Back to the vacation grind...
We awoke early, again, and walked into the alleyway near the house for some breakfast duck. Hot, oily pieces of fried duck were mixed with vegetables and eggs for a quick treat. Flick needed to run a bunch of personal errands, i.e. he was sick of us, so Tex and I decided to act like tourists and visit the major landmarks of Bangkok.
The driver dropped us off at the royal palace of Thailand. An enormous wall almost a mile long on each of its sides greeted us, along with the army standing guard carrying their AK-47's. Through the main gate, Flick negotiated with a certified guide to take us thru the royal city and around Bangkok.
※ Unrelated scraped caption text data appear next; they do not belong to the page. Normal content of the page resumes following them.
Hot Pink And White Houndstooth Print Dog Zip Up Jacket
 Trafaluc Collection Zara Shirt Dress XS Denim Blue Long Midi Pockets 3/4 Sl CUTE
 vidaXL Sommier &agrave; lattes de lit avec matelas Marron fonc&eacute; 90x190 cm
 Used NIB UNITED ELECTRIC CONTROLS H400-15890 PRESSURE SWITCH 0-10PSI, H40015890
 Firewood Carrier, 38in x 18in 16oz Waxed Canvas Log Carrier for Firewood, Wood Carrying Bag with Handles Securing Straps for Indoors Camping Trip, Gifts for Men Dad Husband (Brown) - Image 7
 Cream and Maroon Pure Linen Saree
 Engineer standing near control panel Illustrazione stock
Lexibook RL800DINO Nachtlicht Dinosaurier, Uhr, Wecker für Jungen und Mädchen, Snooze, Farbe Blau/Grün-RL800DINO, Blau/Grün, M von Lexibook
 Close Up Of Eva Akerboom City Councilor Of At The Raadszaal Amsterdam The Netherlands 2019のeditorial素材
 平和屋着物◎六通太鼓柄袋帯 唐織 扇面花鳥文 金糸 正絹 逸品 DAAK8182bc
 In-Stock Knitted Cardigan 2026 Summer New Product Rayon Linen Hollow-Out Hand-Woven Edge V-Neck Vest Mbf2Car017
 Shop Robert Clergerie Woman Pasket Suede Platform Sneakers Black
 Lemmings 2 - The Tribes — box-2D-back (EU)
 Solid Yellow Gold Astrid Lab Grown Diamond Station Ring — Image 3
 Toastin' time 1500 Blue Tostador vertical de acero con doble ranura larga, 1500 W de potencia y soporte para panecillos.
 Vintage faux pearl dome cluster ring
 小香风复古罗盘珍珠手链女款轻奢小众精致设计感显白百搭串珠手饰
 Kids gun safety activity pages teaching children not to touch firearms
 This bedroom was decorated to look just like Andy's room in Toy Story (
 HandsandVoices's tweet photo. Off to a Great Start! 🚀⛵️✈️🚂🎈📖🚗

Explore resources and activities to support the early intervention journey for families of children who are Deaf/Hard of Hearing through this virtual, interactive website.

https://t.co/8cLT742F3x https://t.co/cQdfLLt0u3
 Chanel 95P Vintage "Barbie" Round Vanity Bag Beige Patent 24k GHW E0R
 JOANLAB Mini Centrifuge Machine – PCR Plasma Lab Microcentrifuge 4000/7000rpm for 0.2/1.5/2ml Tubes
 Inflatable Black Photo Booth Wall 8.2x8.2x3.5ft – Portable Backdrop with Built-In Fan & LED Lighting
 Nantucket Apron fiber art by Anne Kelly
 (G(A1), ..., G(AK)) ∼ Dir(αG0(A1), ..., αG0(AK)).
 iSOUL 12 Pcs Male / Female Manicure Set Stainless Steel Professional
Our guide, Pip (real name) spoke English, but decided not to talk very much to us. As we started the tour, the immense size of the compound was finally realized... this place was huge!
Large wooden buildings in the styles of Thailand, Cambodia, and China loomed over us decorated in ceramic flowers, gem-cut glass, and layer upon layer of gold leaf. Every structure told a story about the royal life; from the seven headed snakes found on the eaves, to the multitude of dancers holding up the palace walls. Everywhere we turned was rows of the Cambodian style of spires, all capped in gold and jewels. The color was amazing from the temples and homes; rainbows that had been born at a Home Depot.
In one temple was the Jade Buddha, a small statue on a fifty foot pedestal that was clothed in his golden summer clothes. They have to change the Buddha’s clothes for the three seasons of the year... winter, summer, and rainy. This was one of the few places that we couldn't take photographs... the Jade Buddha is one of the most sacred relics of Thailand.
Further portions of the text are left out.